Material provided
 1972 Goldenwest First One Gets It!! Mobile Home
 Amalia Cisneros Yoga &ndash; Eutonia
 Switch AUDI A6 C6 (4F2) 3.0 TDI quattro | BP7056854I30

==

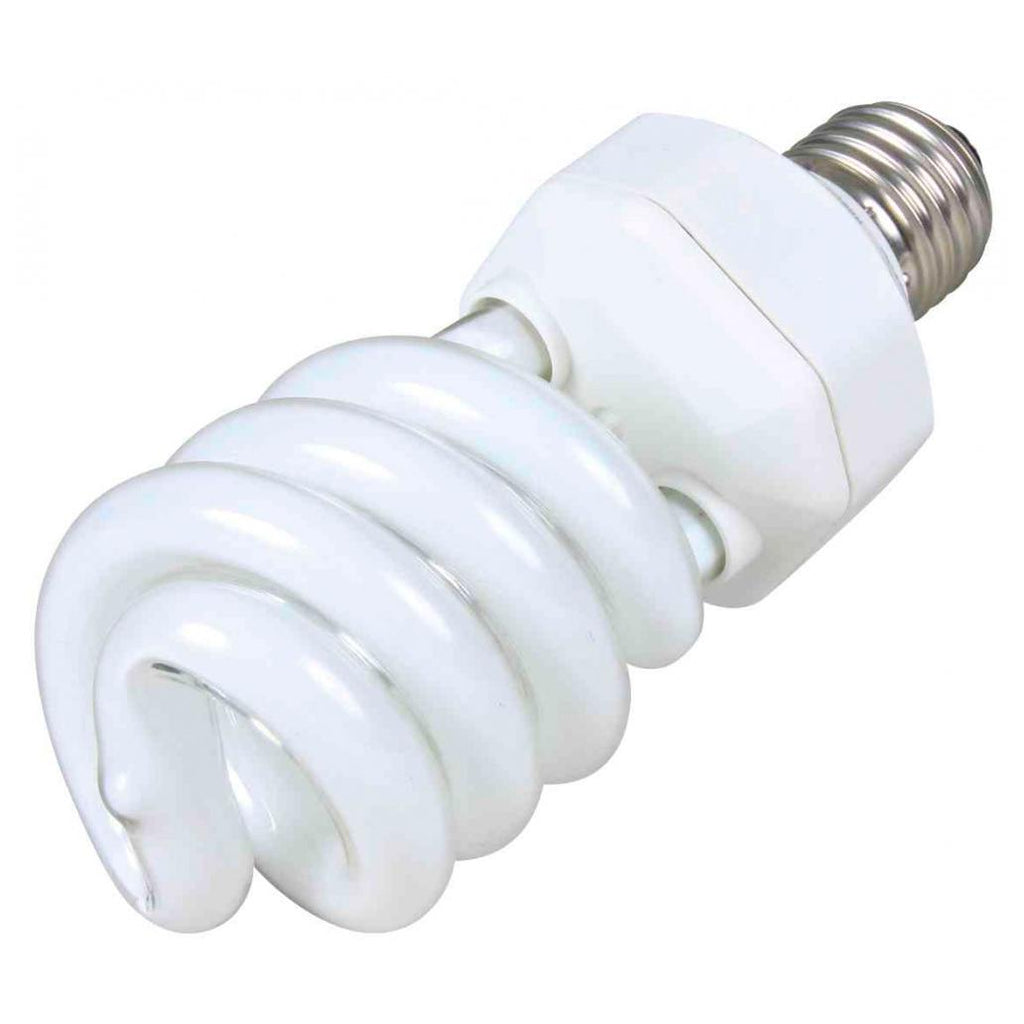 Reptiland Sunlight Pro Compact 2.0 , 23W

Your assignment
With the first line being the one containing "1972 Goldenwest First" and the last line the one containing "Switch AUDI A6", transcribe exactly the lines above that fall in that range.

Exercise output
 1972 Goldenwest First One Gets It!! Mobile Home
 Amalia Cisneros Yoga &ndash; Eutonia
 Switch AUDI A6 C6 (4F2) 3.0 TDI quattro | BP7056854I30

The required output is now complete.